Мама даже не поняла сути происходящего. Она никогда в жизни не лежала в больницах. И сейчас, при её ослабшем уме, когда её поместили в реанимацию, она решила, что мы её нарочно туда запрятали. Вставать ей не разрешали. Нас в реанимацию не пускали. Мы приходили в больницу каждый день. Просили старшую реанимационную сестру проследить за тем, чтобы маме создали какие-то улучшенные условия, говорили, что готовы за это заплатить. Наивные люди. С нас и потребовали – 600 руб. Это были очень большие деньги. Но потом с нас взимали по 600 руб. каждые сутки, но, скорей всего, маме ничего особого не улучшали.
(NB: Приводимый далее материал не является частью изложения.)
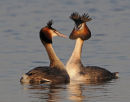 Great-Crested-Grebes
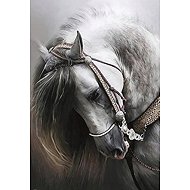 Norimpex Portrait of a white horse 30 × 40 cm - Diamond Painting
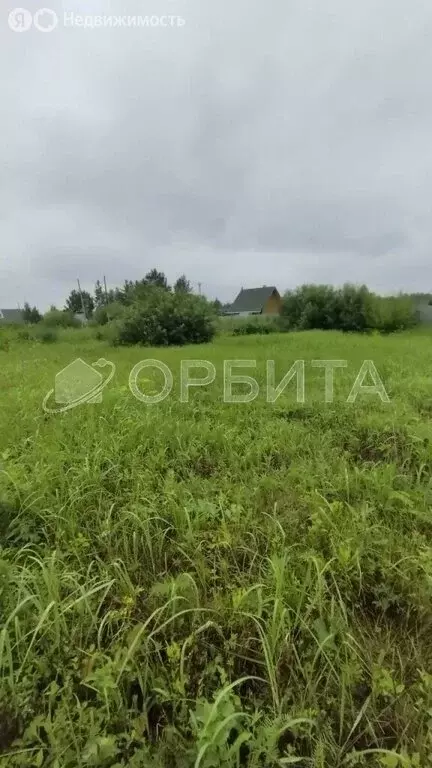 Участок в Тюменский муниципальный округ, СНТ Лесник-2 (12.34 м) - Фото 2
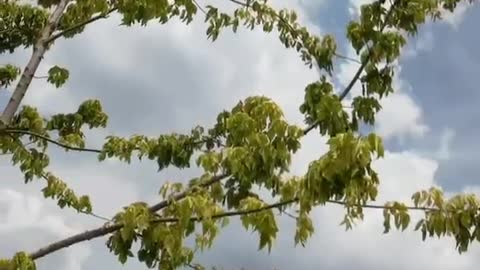 beautiful white clouds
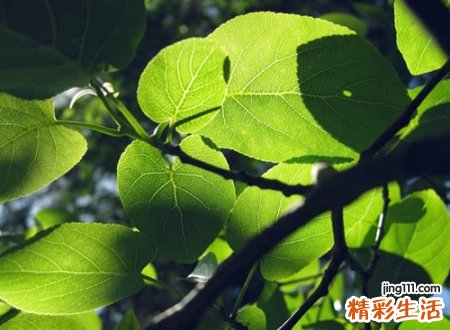 简单超有意境的唯美昵称，迷情网名将花葬在手心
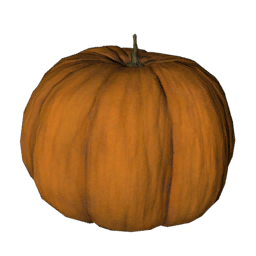 Datei:Item pumpkin.png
Дежурная сестра рассказала нам, что мама то просила позвать дочек, то принималась нас ругать, говоря, что мы её сюда запрятали, чтобы завладеть её квартирой.
Нас в реанимацию не пускали. Взяли лишь записку, в которой мы старались маму успокоить и уговаривали – не волноваться и полечиться. Мама прислала в ответ записку, которая у меня сохранилась.
Прошла неделя. Мы были в полном неведении, что будет дальше. Пошли к заведующей реанимацией. Спросили, в чём заключаются «услуги» за 600 рублей ежедневных «взносов». Не думаю, что это явилось для неё откровением. Тем не менее, она сказала, что маме лучше, но она не советует сразу забирать её домой. Она сказала, что маме предоставят отдельную маленькую палату, примыкающую к реанимационной. Там её ещё подлечат. А нам разрешат свидание.